§ **Exercise details**: Copy all of the data below without altering a single line.

§ **Excerpted records**:
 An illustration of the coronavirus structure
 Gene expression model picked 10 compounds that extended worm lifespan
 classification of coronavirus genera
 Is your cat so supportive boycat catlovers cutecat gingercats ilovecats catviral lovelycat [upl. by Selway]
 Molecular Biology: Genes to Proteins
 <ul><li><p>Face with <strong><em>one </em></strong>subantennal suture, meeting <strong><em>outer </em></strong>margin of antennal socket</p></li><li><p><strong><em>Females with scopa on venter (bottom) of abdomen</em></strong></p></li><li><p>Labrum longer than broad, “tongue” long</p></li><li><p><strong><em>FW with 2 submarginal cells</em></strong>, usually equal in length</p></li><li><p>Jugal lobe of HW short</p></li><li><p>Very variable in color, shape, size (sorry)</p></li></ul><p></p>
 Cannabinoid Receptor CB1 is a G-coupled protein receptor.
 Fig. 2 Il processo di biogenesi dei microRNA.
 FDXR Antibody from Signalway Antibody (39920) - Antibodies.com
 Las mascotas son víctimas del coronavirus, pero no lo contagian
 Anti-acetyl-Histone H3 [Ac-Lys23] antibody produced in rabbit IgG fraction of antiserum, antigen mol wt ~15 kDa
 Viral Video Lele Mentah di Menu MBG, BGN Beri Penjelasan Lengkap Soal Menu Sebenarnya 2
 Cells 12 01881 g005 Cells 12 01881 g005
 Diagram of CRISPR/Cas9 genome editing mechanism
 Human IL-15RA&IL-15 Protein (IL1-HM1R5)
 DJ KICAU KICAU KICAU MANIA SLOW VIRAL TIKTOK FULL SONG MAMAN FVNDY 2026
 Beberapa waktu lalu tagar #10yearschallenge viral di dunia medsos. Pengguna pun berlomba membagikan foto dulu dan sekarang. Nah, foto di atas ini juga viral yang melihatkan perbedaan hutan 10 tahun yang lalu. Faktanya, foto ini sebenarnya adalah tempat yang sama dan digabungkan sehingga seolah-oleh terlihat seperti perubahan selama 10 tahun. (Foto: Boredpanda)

§ **Answer box**:
 An illustration of the coronavirus structure
 Gene expression model picked 10 compounds that extended worm lifespan
 classification of coronavirus genera
 Is your cat so supportive boycat catlovers cutecat gingercats ilovecats catviral lovelycat [upl. by Selway]
 Molecular Biology: Genes to Proteins
 <ul><li><p>Face with <strong><em>one </em></strong>subantennal suture, meeting <strong><em>outer </em></strong>margin of antennal socket</p></li><li><p><strong><em>Females with scopa on venter (bottom) of abdomen</em></strong></p></li><li><p>Labrum longer than broad, “tongue” long</p></li><li><p><strong><em>FW with 2 submarginal cells</em></strong>, usually equal in length</p></li><li><p>Jugal lobe of HW short</p></li><li><p>Very variable in color, shape, size (sorry)</p></li></ul><p></p>
 Cannabinoid Receptor CB1 is a G-coupled protein receptor.
 Fig. 2 Il processo di biogenesi dei microRNA.
 FDXR Antibody from Signalway Antibody (39920) - Antibodies.com
 Las mascotas son víctimas del coronavirus, pero no lo contagian
 Anti-acetyl-Histone H3 [Ac-Lys23] antibody produced in rabbit IgG fraction of antiserum, antigen mol wt ~15 kDa
 Viral Video Lele Mentah di Menu MBG, BGN Beri Penjelasan Lengkap Soal Menu Sebenarnya 2
 Cells 12 01881 g005 Cells 12 01881 g005
 Diagram of CRISPR/Cas9 genome editing mechanism
 Human IL-15RA&IL-15 Protein (IL1-HM1R5)
 DJ KICAU KICAU KICAU MANIA SLOW VIRAL TIKTOK FULL SONG MAMAN FVNDY 2026
 Beberapa waktu lalu tagar #10yearschallenge viral di dunia medsos. Pengguna pun berlomba membagikan foto dulu dan sekarang. Nah, foto di atas ini juga viral yang melihatkan perbedaan hutan 10 tahun yang lalu. Faktanya, foto ini sebenarnya adalah tempat yang sama dan digabungkan sehingga seolah-oleh terlihat seperti perubahan selama 10 tahun. (Foto: Boredpanda)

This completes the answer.